Here’s the workflow that actually works, based on real experience, not demos.

What to Hand the Model

Context matters more than prompt craft. The model can’t see your codebase, your conventions, or your constraints. You have to provide them.

Give it the relevant code. Don’t paste your entire 10,000-line codebase. Extract the function, class, or module you’re working on. Include the imports. Include the types or interfaces it needs. The model works with what you give it. Garbage in, garbage out.

State the constraints. “We use React 18 and functional components.” “This runs in a serverless environment with a 10-second timeout.” “We can’t add new dependencies.” The model will happily suggest solutions that violate your constraints if you don’t spell them out. It has no memory of your stack.

Be specific about the task. “Add error handling” is vague. “Add a try-catch that logs the error and returns a 500 with a generic message” is specific. The more precise you are, the less you’ll have to fix.

What to Review Line by Line

Never trust the output blindly. The model is statistically plausible, not correct. It will confidently produce code that looks right and isn’t.

Read every line. Yes, every line. Especially the parts you didn’t ask for. The model might “helpfully” add error handling that swallows exceptions, or a dependency you don’t need, or a security hole. Skimming is how bugs slip through.

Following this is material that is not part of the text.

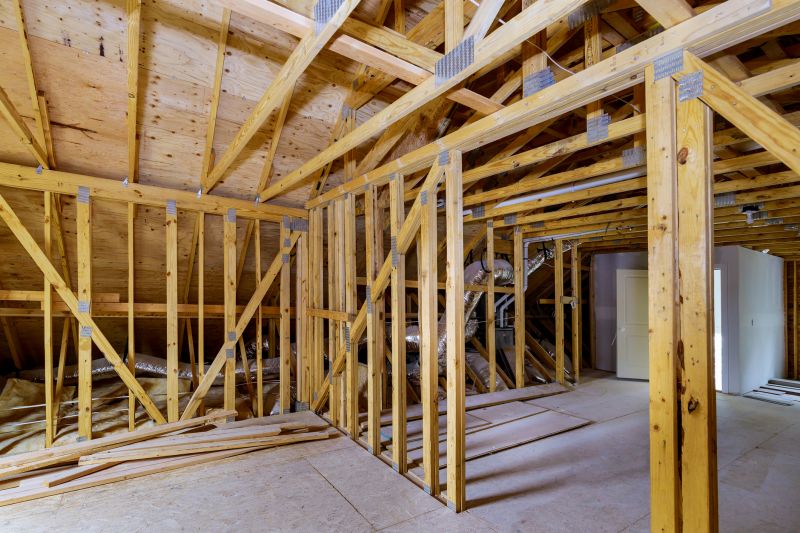 Attic Remodeling Costs — Cost of Attic Remodeling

Run the code. Locally. With real data. Edge cases. The model doesn’t execute. It predicts. Your test suite might pass while production fails. Run it yourself.

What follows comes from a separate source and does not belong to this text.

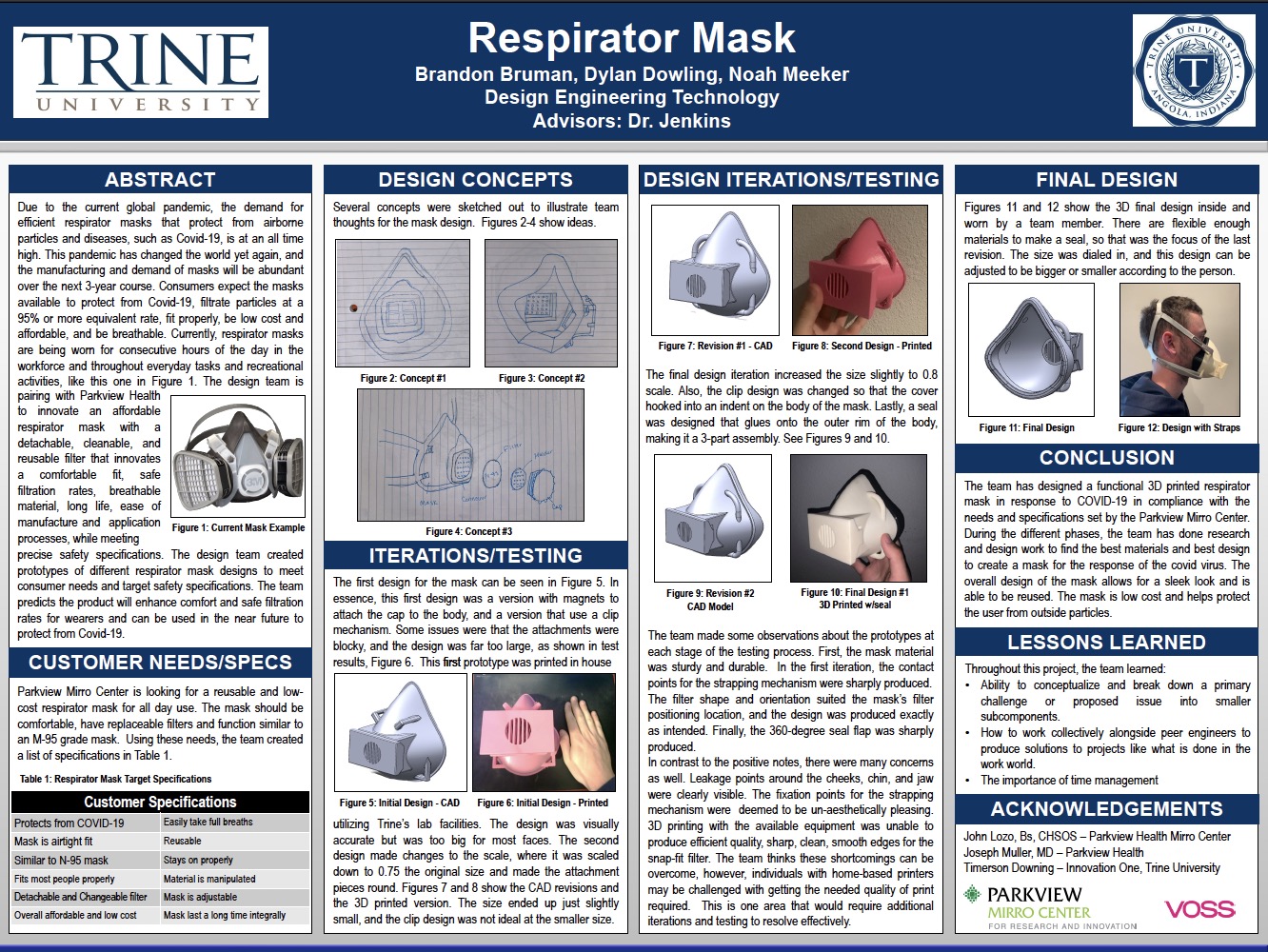 Respirator Mask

Check the dependencies. Did it add an import? A new package? Verify it exists, it’s maintained, and it doesn’t conflict with what you have. I’ve seen models suggest packages that were deprecated years ago.

When to Throw the Output Away

Sometimes the best move is to delete everything and start over. Know the signs:

The approach is wrong. The model solved a different problem than the one you have. Refining the prompt won’t fix it. Start fresh with a clearer problem statement.

The fix is more work than rewriting. You’re patching so many issues that a clean implementation would be faster. Cut your losses.

You don’t understand it. If you can’t explain the code to a colleague, don’t ship it. You’ll own it when it breaks. Either learn it or replace it.

It’s overengineered. The model loves to add abstractions, factories, and “flexibility” you don’t need. Simple code is easier to maintain. If the output feels like a framework when you needed a function, simplify.

Completions, Generation, and Iteration

The workflow differs by task:

Completions (inline suggestions): Great for boilerplate, repetitive patterns, and finishing lines you’ve started. Low risk. You’re still driving. Review as you accept. Don’t tab through blindly.

Generation (full functions or files): Higher risk. Use for scaffolding, tests, and well-defined problems. Always review. Iterate with follow-up prompts if something’s off (“add null checks” or “use our logging utility instead of console.log”), but don’t iterate forever. If you’re on the third revision and it’s still wrong, rewrite.

Refactoring: Tricky. The model might change behavior while “improving” structure. Diff carefully. Run the full test suite. Refactoring with AI is a collaboration, not a handoff.

The Meta-Rule

The workflow that works is the one where you stay in control. AI is a lever. You’re the one who decides where to push, what to keep, and what to throw away. The people who get the most from these tools are the ones who treat the output as a draft: useful, but never final until they’ve made it theirs.